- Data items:
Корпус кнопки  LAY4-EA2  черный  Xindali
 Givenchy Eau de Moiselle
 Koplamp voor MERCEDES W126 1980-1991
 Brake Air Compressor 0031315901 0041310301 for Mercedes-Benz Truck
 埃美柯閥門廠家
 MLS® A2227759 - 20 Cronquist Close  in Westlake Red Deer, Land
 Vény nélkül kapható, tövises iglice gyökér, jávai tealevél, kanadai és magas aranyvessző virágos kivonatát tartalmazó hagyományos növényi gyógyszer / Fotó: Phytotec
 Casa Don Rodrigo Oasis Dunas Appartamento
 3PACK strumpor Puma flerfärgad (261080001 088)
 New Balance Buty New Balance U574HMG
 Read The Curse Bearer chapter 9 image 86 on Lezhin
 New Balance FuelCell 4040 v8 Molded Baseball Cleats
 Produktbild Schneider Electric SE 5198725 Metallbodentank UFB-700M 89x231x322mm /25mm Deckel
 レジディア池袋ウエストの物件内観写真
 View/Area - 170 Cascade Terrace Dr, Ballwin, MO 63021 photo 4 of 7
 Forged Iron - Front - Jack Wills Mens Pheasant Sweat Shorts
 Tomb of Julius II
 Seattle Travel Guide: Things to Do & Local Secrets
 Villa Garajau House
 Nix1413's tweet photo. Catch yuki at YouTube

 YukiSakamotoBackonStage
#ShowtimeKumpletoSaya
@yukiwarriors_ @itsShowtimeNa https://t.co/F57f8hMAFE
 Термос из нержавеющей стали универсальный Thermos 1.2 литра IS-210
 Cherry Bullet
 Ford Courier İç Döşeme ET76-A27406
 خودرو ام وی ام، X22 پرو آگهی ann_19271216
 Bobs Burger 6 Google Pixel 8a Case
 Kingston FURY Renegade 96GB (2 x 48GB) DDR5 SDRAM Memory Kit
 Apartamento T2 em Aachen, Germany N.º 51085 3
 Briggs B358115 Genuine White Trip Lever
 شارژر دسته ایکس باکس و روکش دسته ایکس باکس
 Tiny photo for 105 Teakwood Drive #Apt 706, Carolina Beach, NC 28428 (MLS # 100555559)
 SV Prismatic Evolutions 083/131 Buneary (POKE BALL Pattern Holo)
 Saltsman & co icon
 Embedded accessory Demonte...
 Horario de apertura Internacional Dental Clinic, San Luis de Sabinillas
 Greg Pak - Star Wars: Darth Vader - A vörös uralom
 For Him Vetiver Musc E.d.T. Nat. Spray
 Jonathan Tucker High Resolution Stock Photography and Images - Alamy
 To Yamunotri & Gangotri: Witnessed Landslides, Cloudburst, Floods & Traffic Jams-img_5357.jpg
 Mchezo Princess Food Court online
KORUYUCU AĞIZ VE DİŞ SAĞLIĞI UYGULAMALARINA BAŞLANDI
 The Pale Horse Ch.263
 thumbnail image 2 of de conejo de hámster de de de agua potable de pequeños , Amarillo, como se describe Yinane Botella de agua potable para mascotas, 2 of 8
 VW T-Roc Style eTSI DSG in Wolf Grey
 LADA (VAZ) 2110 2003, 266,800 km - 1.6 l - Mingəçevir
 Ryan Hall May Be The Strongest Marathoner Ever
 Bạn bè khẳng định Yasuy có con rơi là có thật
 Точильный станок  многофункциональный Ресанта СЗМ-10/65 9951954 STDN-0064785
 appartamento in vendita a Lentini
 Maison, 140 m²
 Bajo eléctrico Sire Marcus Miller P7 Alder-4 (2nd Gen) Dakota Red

- PROBLEM TO WORK ON: Reproduce the lines from the one containing "Tiny photo for" to the end of the entries, keeping both ends and adding nothing.

- FINAL ANSWER:
 Tiny photo for 105 Teakwood Drive #Apt 706, Carolina Beach, NC 28428 (MLS # 100555559)
 SV Prismatic Evolutions 083/131 Buneary (POKE BALL Pattern Holo)
 Saltsman & co icon
 Embedded accessory Demonte...
 Horario de apertura Internacional Dental Clinic, San Luis de Sabinillas
 Greg Pak - Star Wars: Darth Vader - A vörös uralom
 For Him Vetiver Musc E.d.T. Nat. Spray
 Jonathan Tucker High Resolution Stock Photography and Images - Alamy
 To Yamunotri & Gangotri: Witnessed Landslides, Cloudburst, Floods & Traffic Jams-img_5357.jpg
 Mchezo Princess Food Court online
KORUYUCU AĞIZ VE DİŞ SAĞLIĞI UYGULAMALARINA BAŞLANDI
 The Pale Horse Ch.263
 thumbnail image 2 of de conejo de hámster de de de agua potable de pequeños , Amarillo, como se describe Yinane Botella de agua potable para mascotas, 2 of 8
 VW T-Roc Style eTSI DSG in Wolf Grey
 LADA (VAZ) 2110 2003, 266,800 km - 1.6 l - Mingəçevir
 Ryan Hall May Be The Strongest Marathoner Ever
 Bạn bè khẳng định Yasuy có con rơi là có thật
 Точильный станок  многофункциональный Ресанта СЗМ-10/65 9951954 STDN-0064785
 appartamento in vendita a Lentini
 Maison, 140 m²
 Bajo eléctrico Sire Marcus Miller P7 Alder-4 (2nd Gen) Dakota Red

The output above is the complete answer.